Short text fragments from websites:
* * *
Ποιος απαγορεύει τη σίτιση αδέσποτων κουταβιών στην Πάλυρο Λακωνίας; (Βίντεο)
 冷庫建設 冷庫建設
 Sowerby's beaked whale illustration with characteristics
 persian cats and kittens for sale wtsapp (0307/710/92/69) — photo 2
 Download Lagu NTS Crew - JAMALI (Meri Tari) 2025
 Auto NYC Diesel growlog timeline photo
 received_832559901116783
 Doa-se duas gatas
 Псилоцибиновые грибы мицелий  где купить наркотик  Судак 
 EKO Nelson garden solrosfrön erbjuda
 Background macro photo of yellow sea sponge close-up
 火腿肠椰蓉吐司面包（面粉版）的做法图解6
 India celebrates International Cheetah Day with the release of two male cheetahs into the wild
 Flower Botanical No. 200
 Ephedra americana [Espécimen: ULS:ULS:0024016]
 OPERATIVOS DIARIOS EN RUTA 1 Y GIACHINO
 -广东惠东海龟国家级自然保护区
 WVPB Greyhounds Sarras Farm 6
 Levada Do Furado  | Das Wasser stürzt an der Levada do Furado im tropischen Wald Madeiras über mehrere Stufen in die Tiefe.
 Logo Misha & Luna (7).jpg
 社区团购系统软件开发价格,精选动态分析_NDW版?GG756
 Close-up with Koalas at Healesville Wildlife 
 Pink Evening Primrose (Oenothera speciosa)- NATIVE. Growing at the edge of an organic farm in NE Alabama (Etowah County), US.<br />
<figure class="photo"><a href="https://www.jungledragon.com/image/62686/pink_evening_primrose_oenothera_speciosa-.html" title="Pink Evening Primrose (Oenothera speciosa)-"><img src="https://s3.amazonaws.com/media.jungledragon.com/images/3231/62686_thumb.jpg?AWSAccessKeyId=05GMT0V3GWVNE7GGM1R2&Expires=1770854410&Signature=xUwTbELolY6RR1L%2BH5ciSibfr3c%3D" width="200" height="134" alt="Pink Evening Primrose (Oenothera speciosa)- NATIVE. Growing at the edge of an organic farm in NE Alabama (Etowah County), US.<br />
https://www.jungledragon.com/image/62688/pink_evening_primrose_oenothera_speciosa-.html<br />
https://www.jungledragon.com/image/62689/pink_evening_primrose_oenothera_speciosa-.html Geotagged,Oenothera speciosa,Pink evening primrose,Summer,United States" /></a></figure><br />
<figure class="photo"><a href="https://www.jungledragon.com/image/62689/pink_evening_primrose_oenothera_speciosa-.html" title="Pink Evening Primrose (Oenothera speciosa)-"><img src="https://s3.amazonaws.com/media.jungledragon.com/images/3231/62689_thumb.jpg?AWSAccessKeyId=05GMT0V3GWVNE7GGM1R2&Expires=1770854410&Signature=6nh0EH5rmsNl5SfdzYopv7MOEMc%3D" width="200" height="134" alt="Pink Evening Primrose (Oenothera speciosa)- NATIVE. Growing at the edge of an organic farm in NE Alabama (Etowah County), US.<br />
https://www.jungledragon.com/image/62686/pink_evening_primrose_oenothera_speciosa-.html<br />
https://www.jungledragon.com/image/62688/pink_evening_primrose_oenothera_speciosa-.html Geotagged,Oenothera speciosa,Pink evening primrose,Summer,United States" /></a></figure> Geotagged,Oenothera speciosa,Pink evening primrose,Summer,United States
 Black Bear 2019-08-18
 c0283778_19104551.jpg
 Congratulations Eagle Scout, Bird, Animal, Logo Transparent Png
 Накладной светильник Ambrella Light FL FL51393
* * *
About this exercise »
Look through the lines above and collect those with the word "class".

Expected answer »
<figure class="photo"><a href="https://www.jungledragon.com/image/62686/pink_evening_primrose_oenothera_speciosa-.html" title="Pink Evening Primrose (Oenothera speciosa)-"><img src="https://s3.amazonaws.com/media.jungledragon.com/images/3231/62686_thumb.jpg?AWSAccessKeyId=05GMT0V3GWVNE7GGM1R2&Expires=1770854410&Signature=xUwTbELolY6RR1L%2BH5ciSibfr3c%3D" width="200" height="134" alt="Pink Evening Primrose (Oenothera speciosa)- NATIVE. Growing at the edge of an organic farm in NE Alabama (Etowah County), US.<br />
<figure class="photo"><a href="https://www.jungledragon.com/image/62689/pink_evening_primrose_oenothera_speciosa-.html" title="Pink Evening Primrose (Oenothera speciosa)-"><img src="https://s3.amazonaws.com/media.jungledragon.com/images/3231/62689_thumb.jpg?AWSAccessKeyId=05GMT0V3GWVNE7GGM1R2&Expires=1770854410&Signature=6nh0EH5rmsNl5SfdzYopv7MOEMc%3D" width="200" height="134" alt="Pink Evening Primrose (Oenothera speciosa)- NATIVE. Growing at the edge of an organic farm in NE Alabama (Etowah County), US.<br />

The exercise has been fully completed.